人間形態をしているが、マリアの意識が回復したのを確認すると、また元の人形形態に戻った。
(そうか。私をここまで運んで来てくれたのか……)
それにしても、ここはどこだろう?
薄暗い部屋で、長椅子以外にも色々な備品が置かれている。
備品倉庫か何かだろうか?
入口のドアまで行って、そっと外の様子を伺ってみた。
誰もいない。
しかも、微かに例のピアノの音が聞こえる。
廊下に出てみた。
ホール脇の廊下を歩く。
エレベーターのある所で、ミカエラ(ミク人形)を回収した。
「あとはユウタ君だけど……」
エレベーターを見たが、何故かエレベーターは止まっていた。
故障したのだろうか。
「しょうがない。
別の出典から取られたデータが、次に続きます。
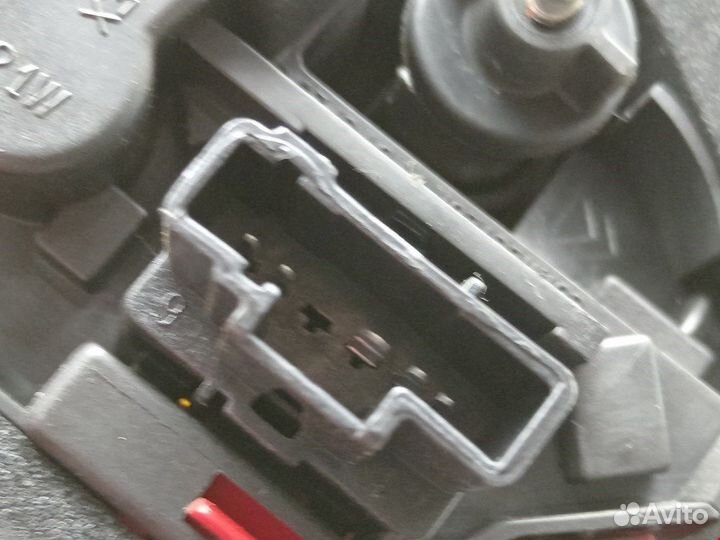 Фонарь задний для Peugeot-Citroen 206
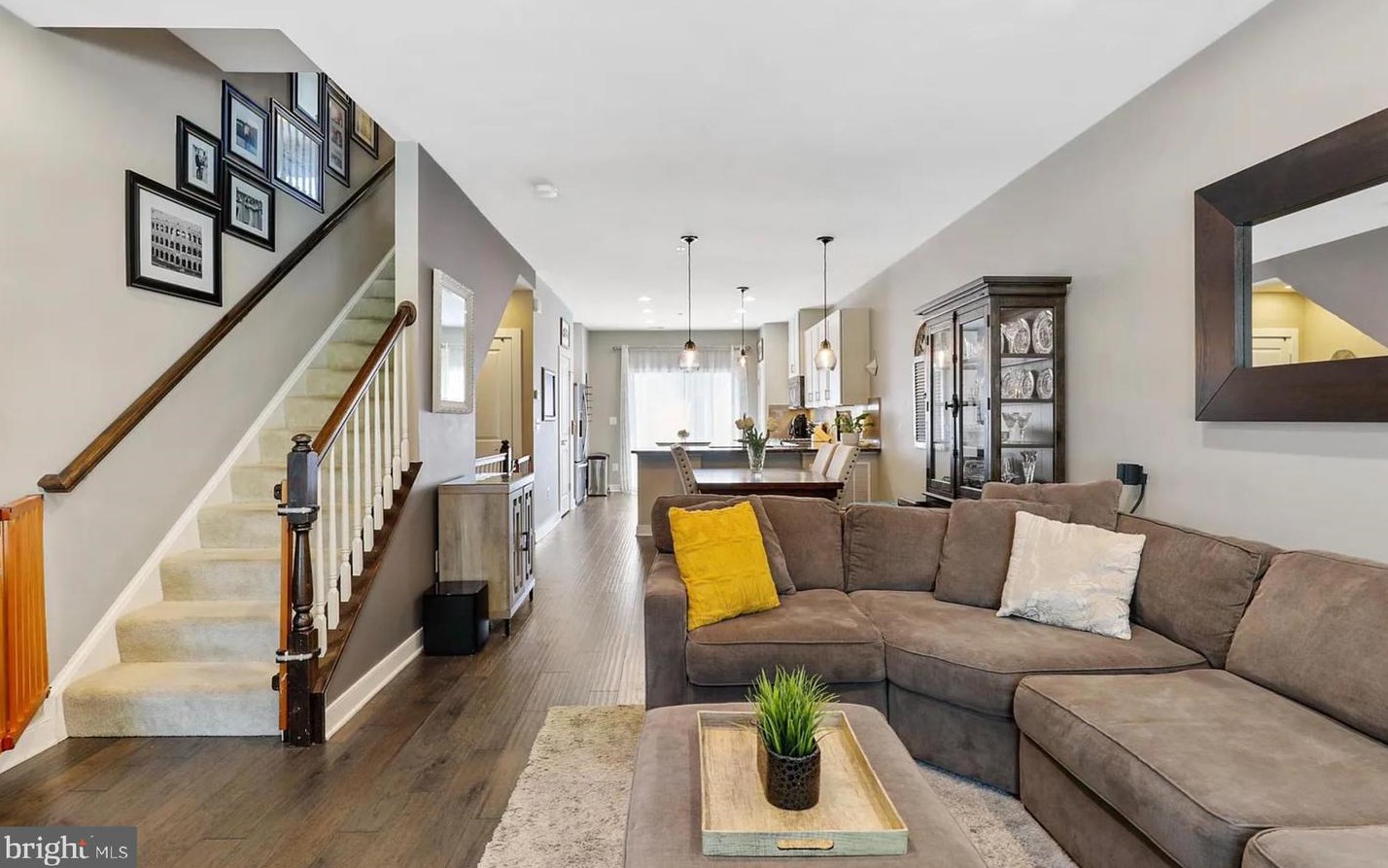 147 Decoverly Dr, Gaithersburg, MD 20878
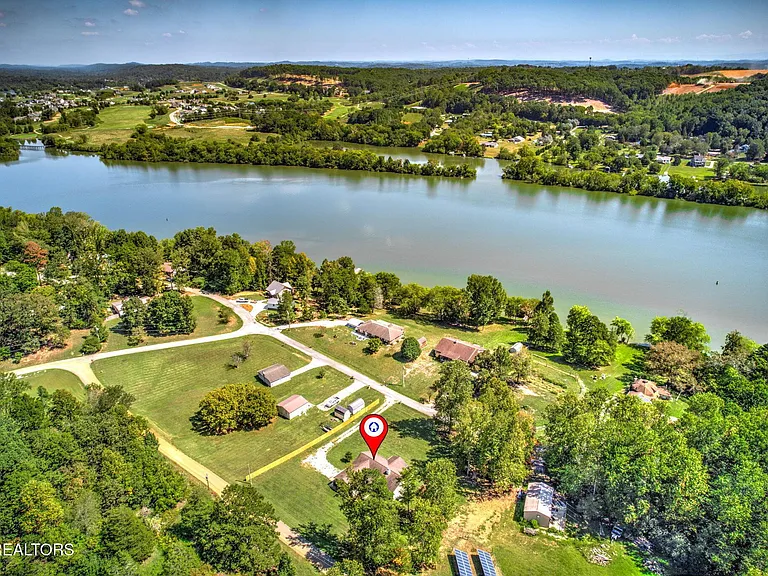 135 Lake Overlook Dr — Photo 6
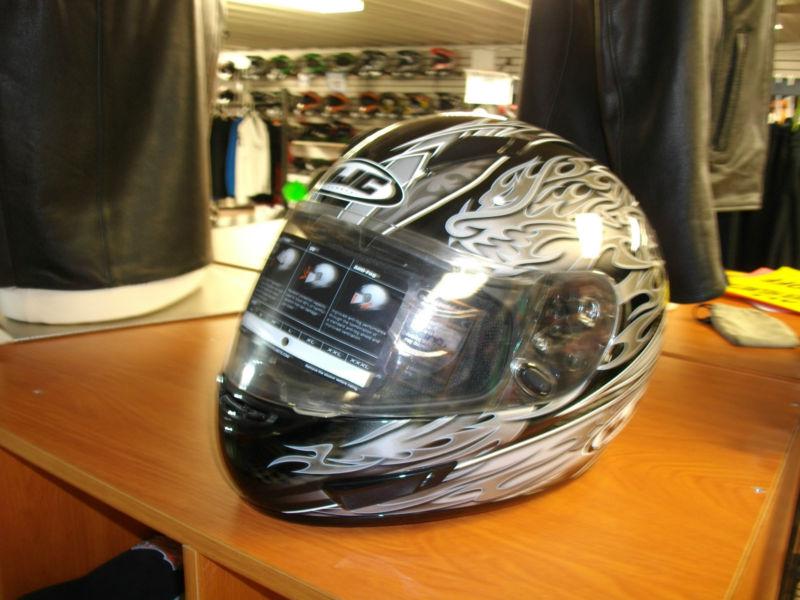 New hjc motorcycle helmet dragon size large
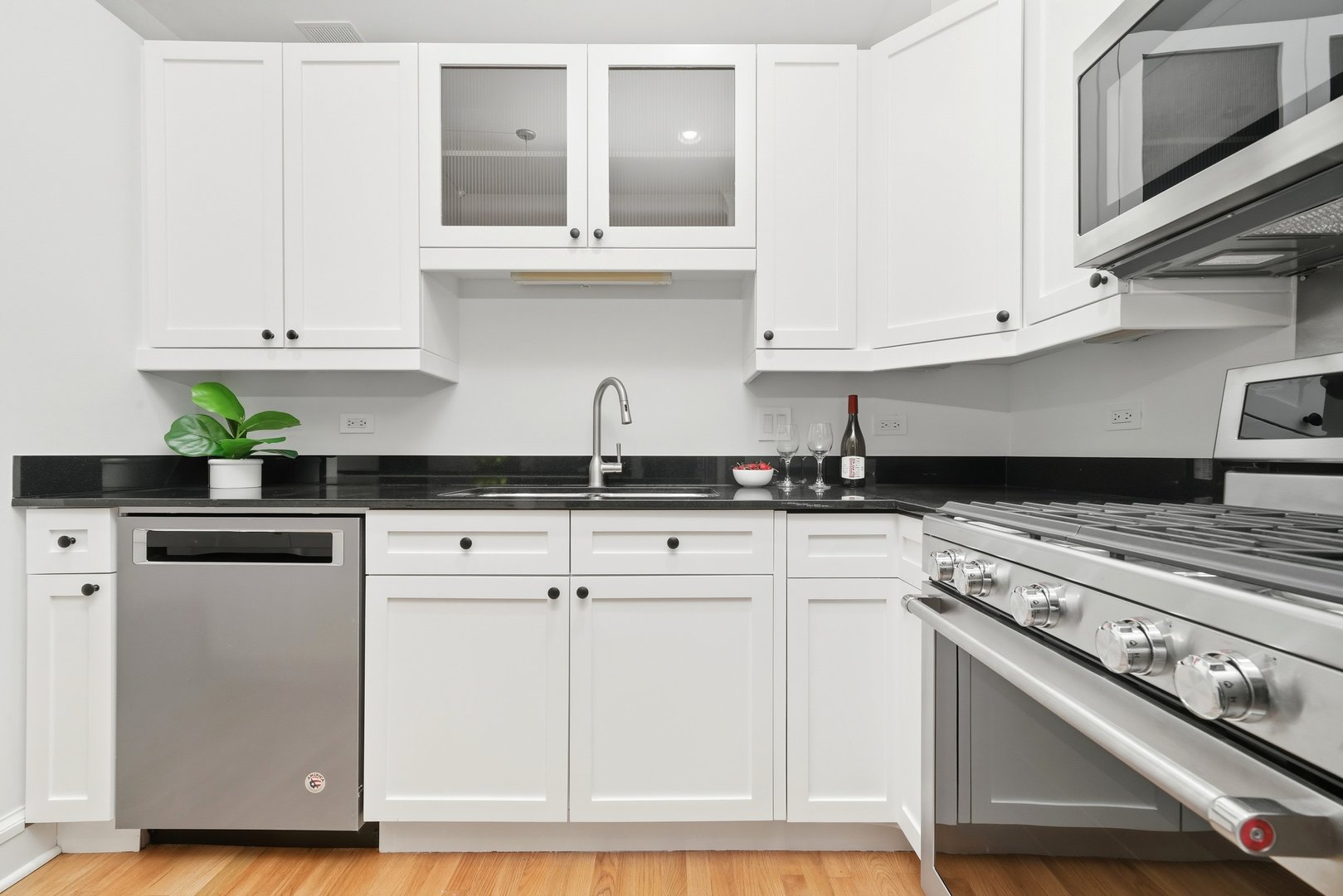 800 West Cornelia Avenue, Unit 307 Chicago, IL 60657 - Photo 17 of 22 a kitchen with white cabinets and white appliances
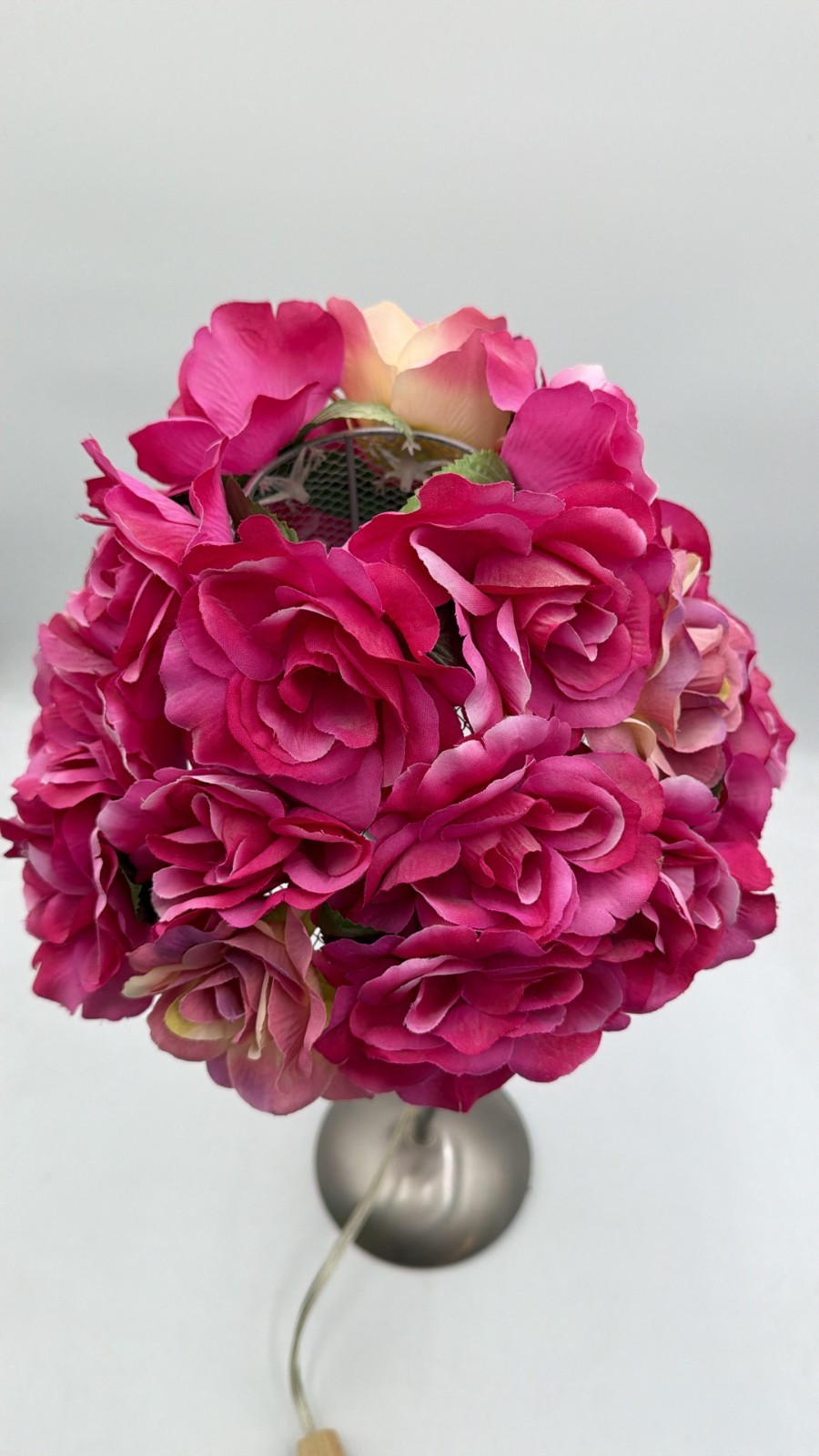 20″ Pink Rose Flower Table Lamp Lighted Floral Bouquet Wavy Metal Stem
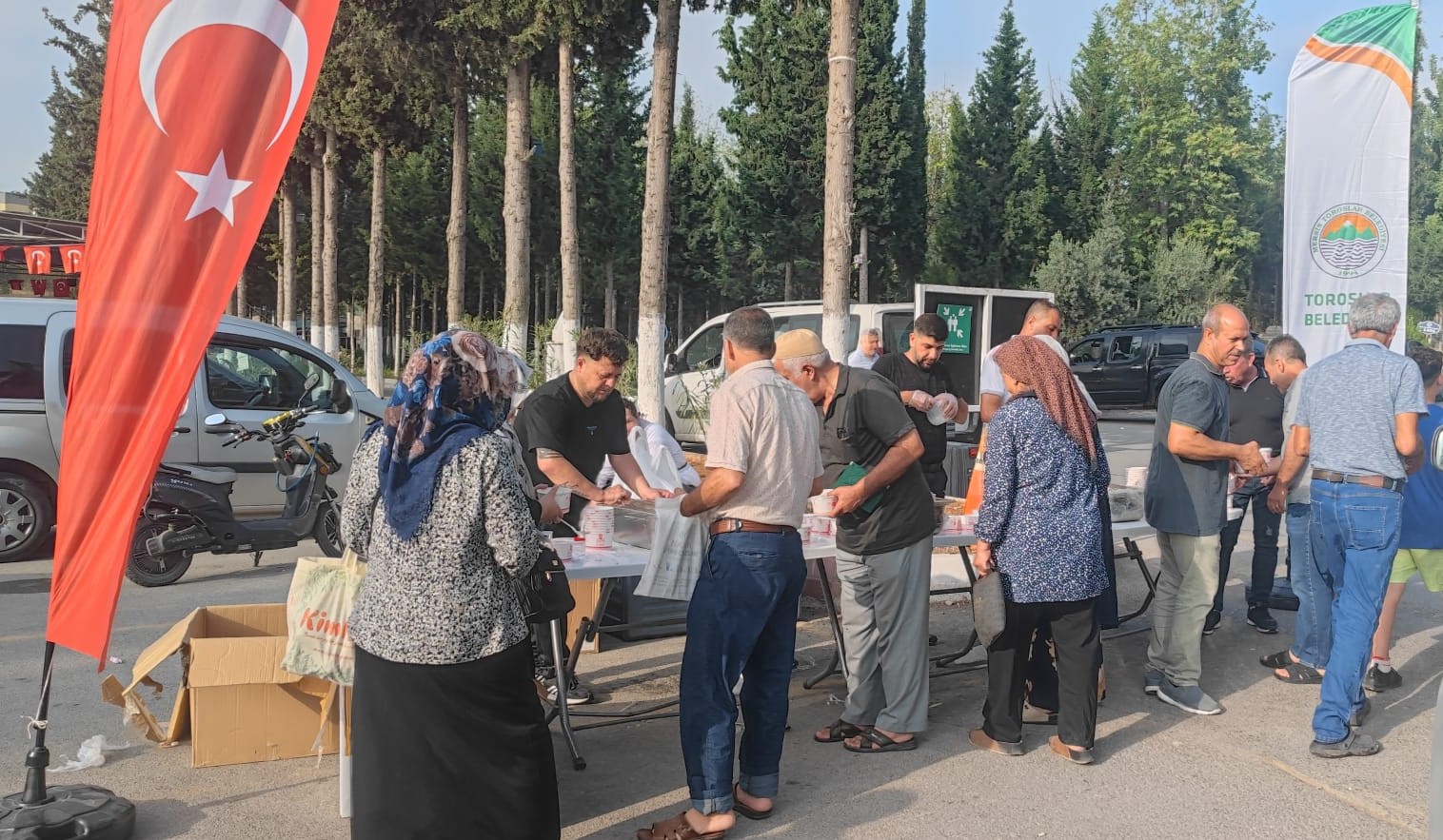 BAŞKAN YILDIZ, VATANDAŞLARLA BAYRAMLAŞTI, KURBAN KESİM YERLERİNİ ZİYARET ETTİ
階段は……」
ホール周囲の廊下をぐるっと回って、エレベーターとは反対側の部分に階段があった。
「???」
だが、上の階への階段は防火シャッターが閉められていた。
地下に行くしかなかった。
「うーん……」
マリアは地下1階への階段を下りて行った。
地下だからといって、真っ暗というわけではない。
ちゃんと明かりは点いていた。
地下1階は閉鎖されているものの、レストランや売店などがあった。
しかし、人の気配は無い。
一体皆、どこへ行ったというのだろうか。
誰もいないレストランや売店を過ぎると、1番奥の部屋に人の気配を感じた。
(誰かいる……?)
ドアには『警備室』と書かれていた。
すると中から、
「鍵は掛かっておらんよ。入ってきなさい」
という声がした。
「!」
マリアは初老の男性の柔らかな口調を聞いて、ドアを開けた。
中にいたのは警備服を着た、白髪が目立つ年配の警備員が1人。
60代であることは間違い無いだろう。
黒いブレザー型の警備服に白い帯革(たいかく)、えんじ色のネクタイが目についた。
「おっと、入ったら戸締りを頼むよ?あいつはドアの開け閉めもできるからな」
「あいつ?」
マリアは言われた通り、内鍵を閉めた。
「お嬢ちゃんも会っただろう?この劇場を我が物顔で徘徊するオバケを……」
(お嬢ちゃん?私、もうすぐ25なんだけどなぁ……)
人形みたいだと言われることはあるが、そうなると、年配者からは実年齢より下に見られるのだろうか。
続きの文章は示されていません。